--- Raw data ---
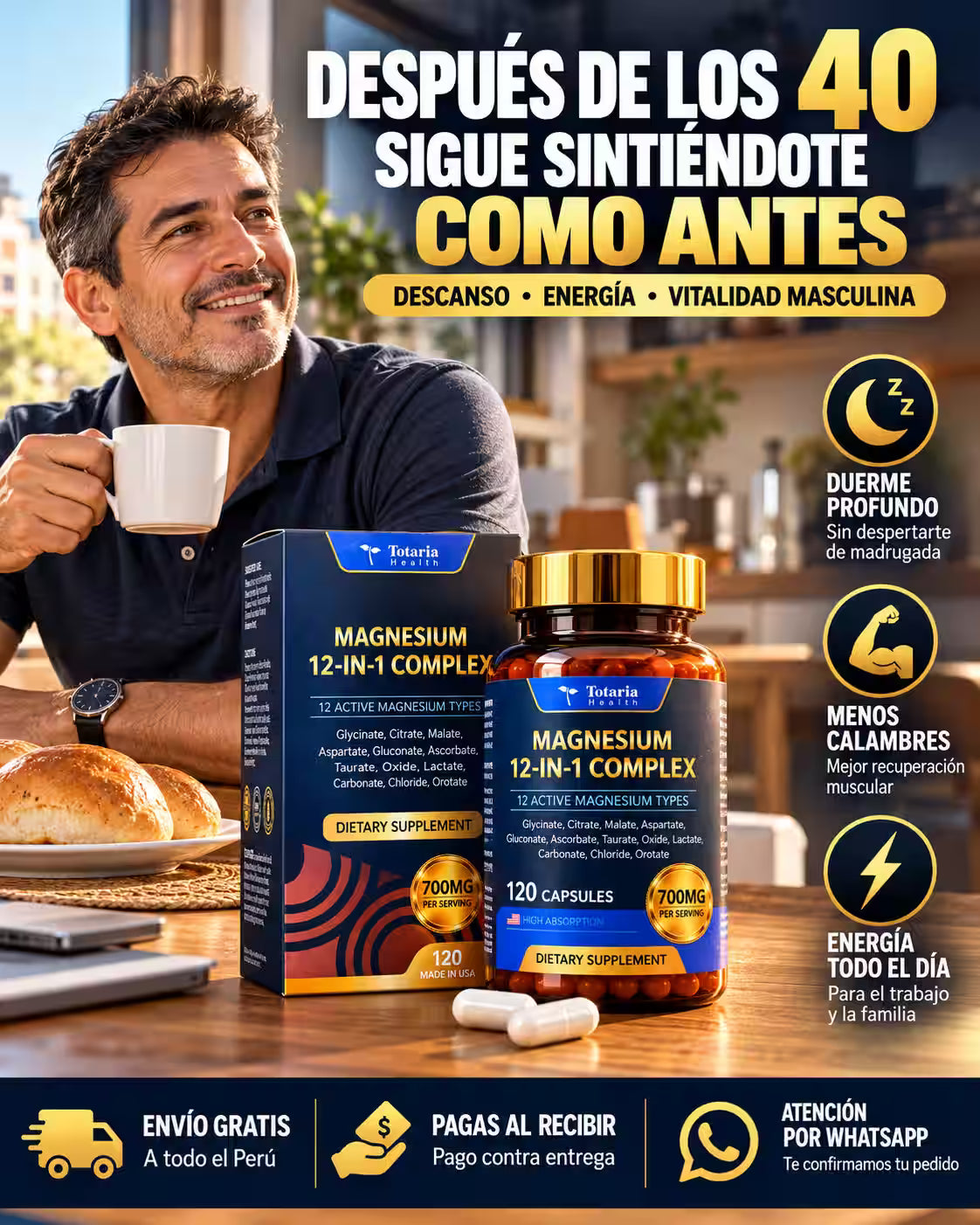 Magnesio 12 en 1 Totaria Health | 700 mg – 120 Cápsulas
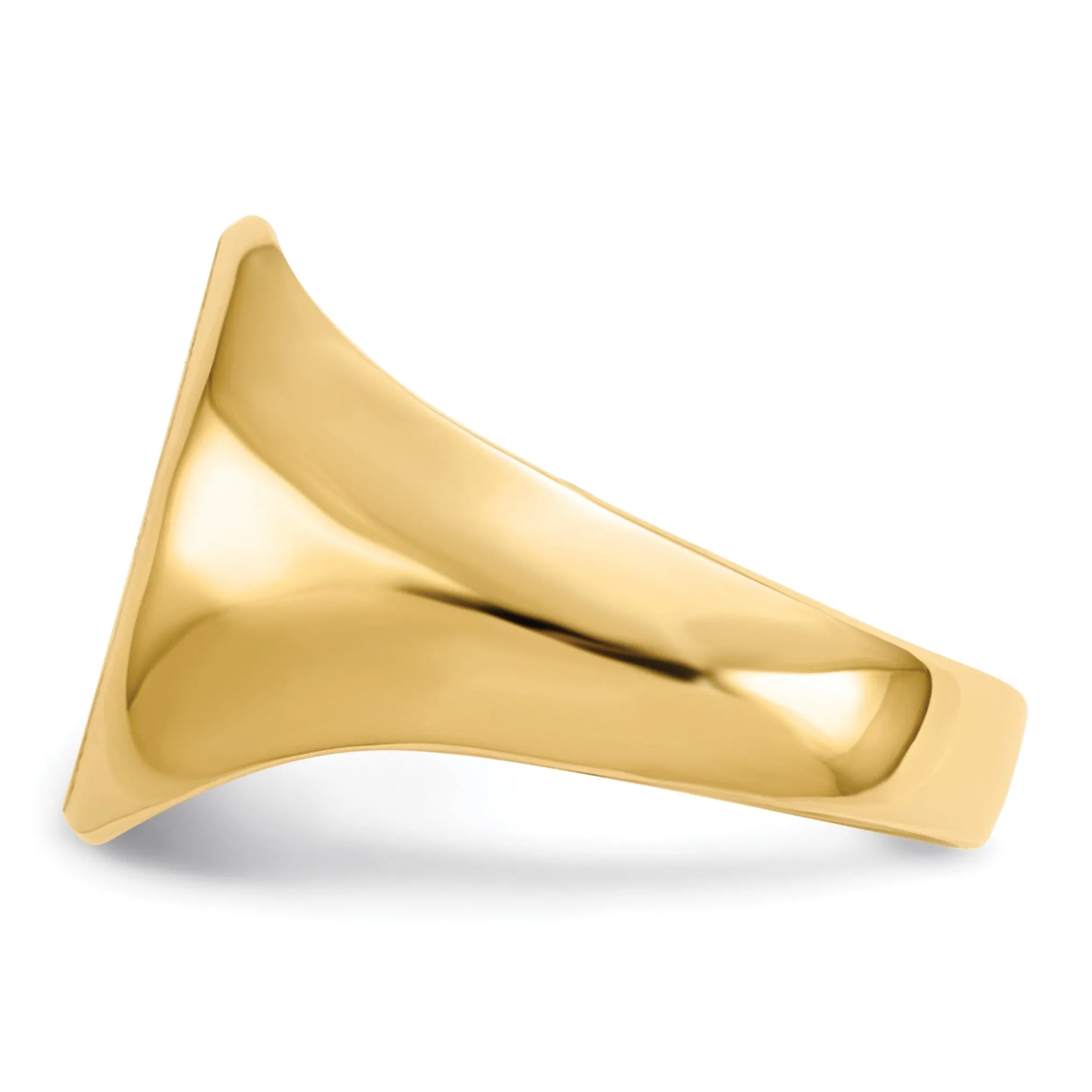14k Yellow Gold Men's Solid Back Signet Ring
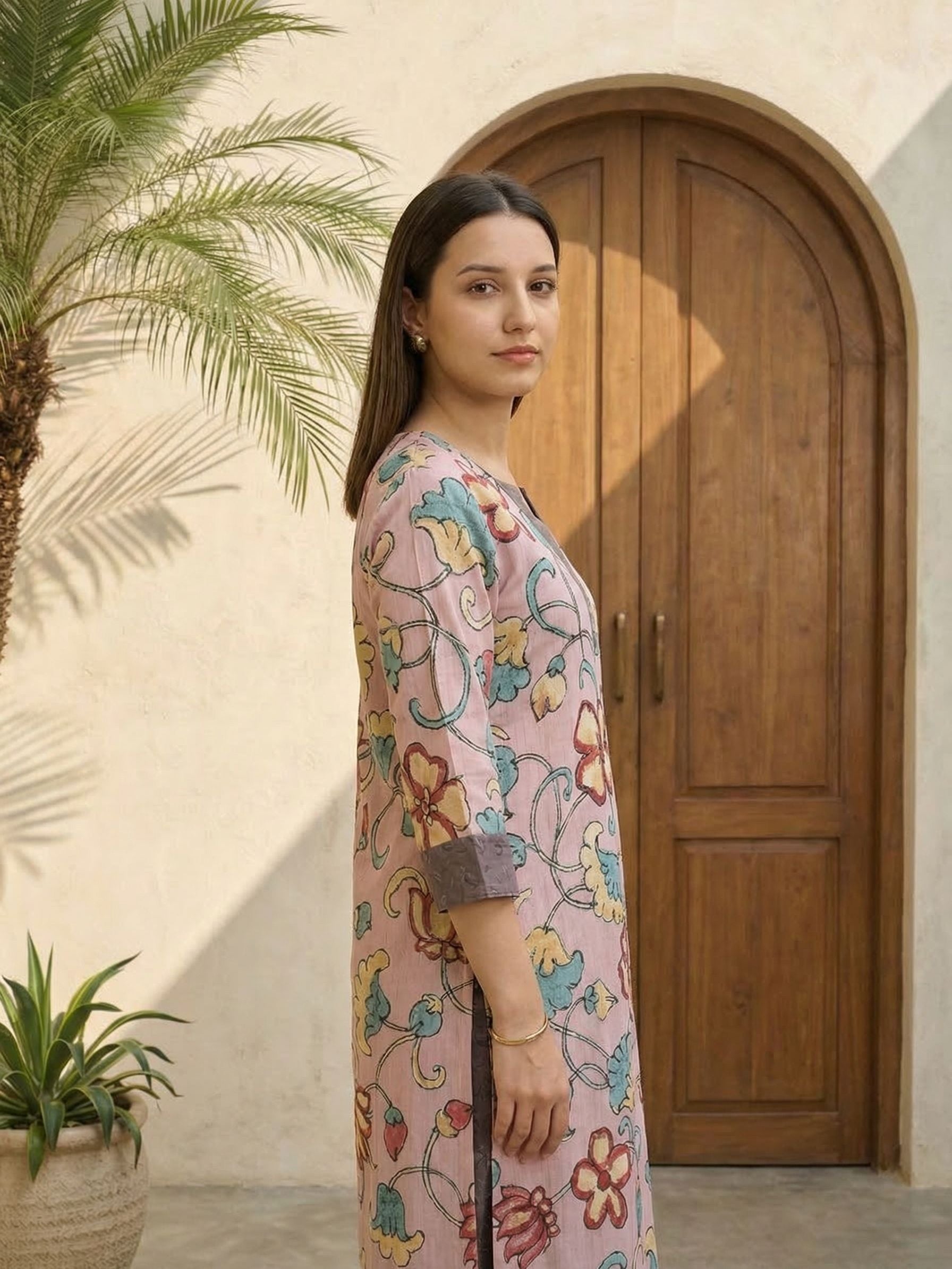 Women red printed cotton kurta co-ord set with trousers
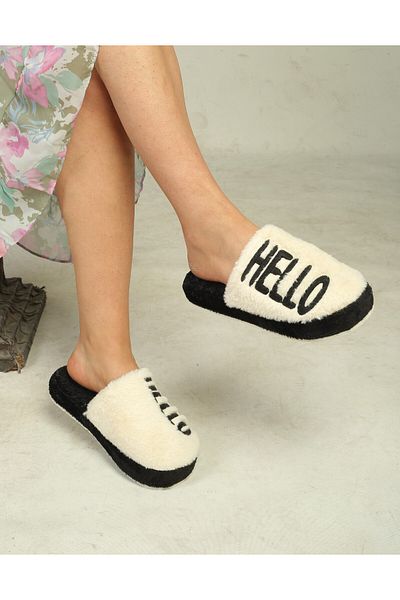 ZEYNEP SULTAN Hello Women's Home Slippers Winter Wool Slippers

--- Exercise aim ---
Excluding pictures, copy exactly the lines from the line containing "Women red printed" through the last line of the data, inclusive.

--- Task result ---
 Women red printed cotton kurta co-ord set with trousers
 ZEYNEP SULTAN Hello Women's Home Slippers Winter Wool Slippers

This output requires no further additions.